Наша же задача состоит в том, чтобы разоблачать старый мир и совершать положительную работу для образования нового мира. Чем больше времени будет предоставлено ходом событий мыслящему человечеству, чтобы осознать своё положение, а человечеству страдающему, чтобы сплотиться, — тем совершеннее будет плод, который зреет в недрах настоящего.
М. к Р.{117}
Крейцнах, сентябрь 1843 г.
Меня радует, что Вы приняли твёрдое решение и, оторвав свой взор от прошлого, обращаетесь мыслью вперёд, к новому предприятию[95]. Итак, в Париж, в этот старый университет философии — absit omen!{118} — и новую столицу нового мира! Что необходимо, то свершается. Я поэтому не сомневаюсь, что можно будет устранить все трудности, значительность которых я вполне сознаю.
Впрочем, удастся ли это предприятие или нет, я, во всяком случае, буду в Париже к концу этого месяца, так как здешний воздух делает человека крепостным, и я не вижу в Германии решительно никакой возможности для свободной деятельности.

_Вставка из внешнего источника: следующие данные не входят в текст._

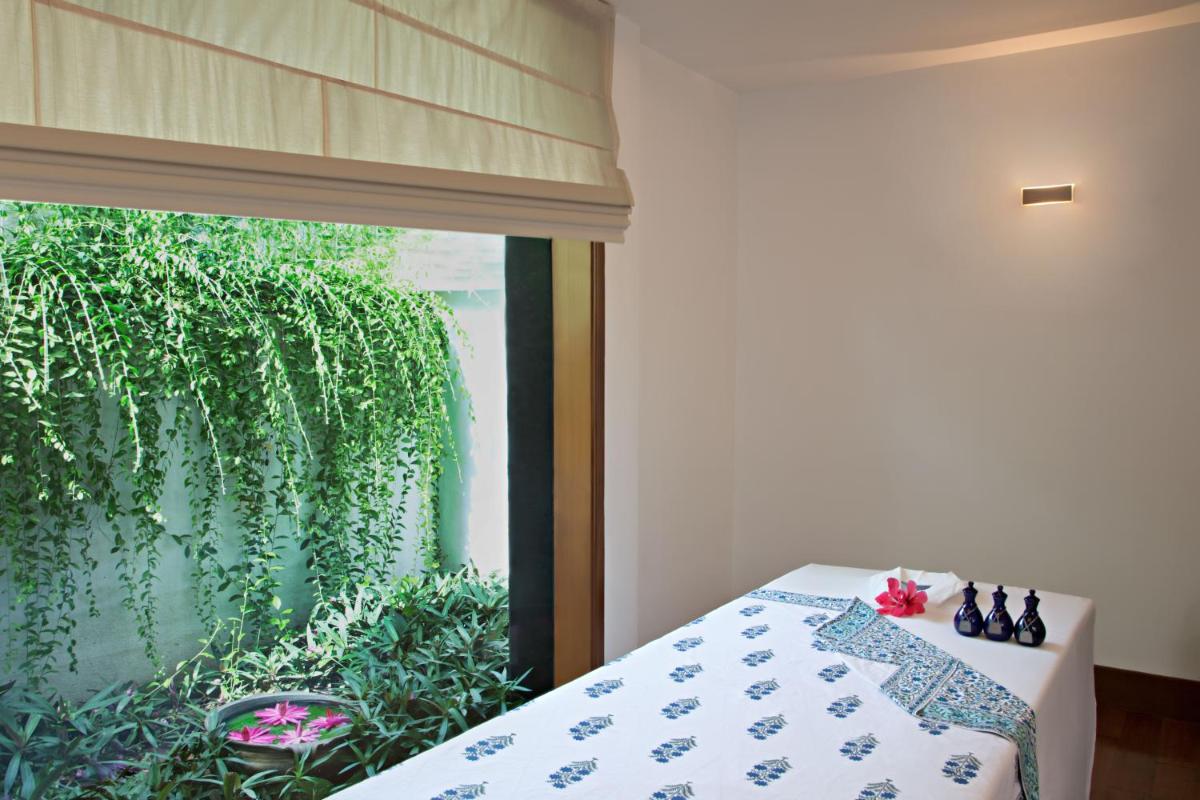 a bedroom with a bed and a window with a plant at Trident Chennai in Chennai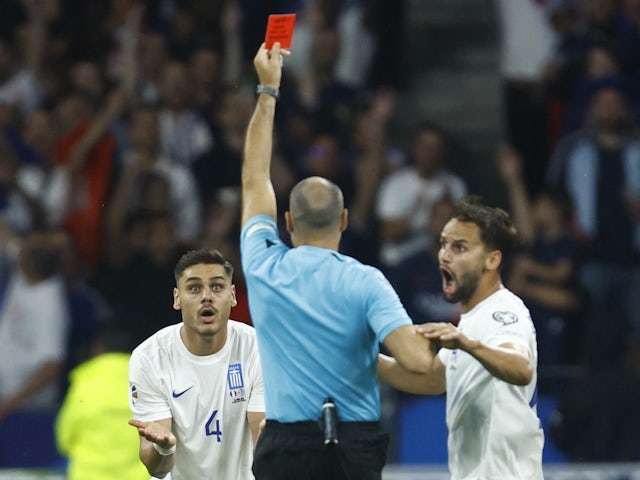 Greece's Dinos Mavropanos is shown a red card by referee Antonio Mateu Lahoz on June 19, 2023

В Германии всё насильственно подавляется, в ней настала пора настоящей анархии ума, воцарилась воплощённая глупость; Цюрих же повинуется приказаниям из Берлина. Становится поэтому всё очевиднее, что необходимо искать новый сборный пункт для истинно мыслящих и независимых голов. Я убеждён, что наш план отвечает действительной потребности, а ведь действительные потребности должны же найти себе и действительное удовлетворение. Итак, я не сомневаюсь в успехе, если только мы возьмёмся серьёзно за дело.
Едва ли не более важными, чем внешние препятствия, кажутся мне внутренние трудности. Хотя не существует сомнений насчёт вопроса — «откуда?», но зато господствует большая путаница относительно вопроса: «куда?». Не говоря уже о всеобщей анархии в воззрениях различных реформаторов, каждый из них вынужден признаться себе самому, что он не имеет точного представления о том, каково должно быть будущее. Между тем, преимущество нового направления как раз в том и заключается, что мы не стремимся догматически предвосхитить будущее, а желаем только посредством критики старого мира найти новый мир. До сих пор философы имели в своём письменном столе разрешение всех загадок, и глупому непосвящённому миру оставалось только раскрыть рот, чтобы ловить жареных рябчиков абсолютной науки. Теперь философия стала мирской; это неопровержимо доказывается тем, что само философское сознание не только внешним, но и внутренним образом втянуто в водоворот борьбы. Но если конструирование будущего и провозглашение раз навсегда готовых решений для всех грядущих времён не есть наше дело, то тем определённее мы знаем, что нам нужно совершить в настоящем, — я говорю о беспощадной критике всего существующего, беспощадной в двух смыслах: эта критика не страшится собственных выводов и не отступает перед столкновением с властями предержащими.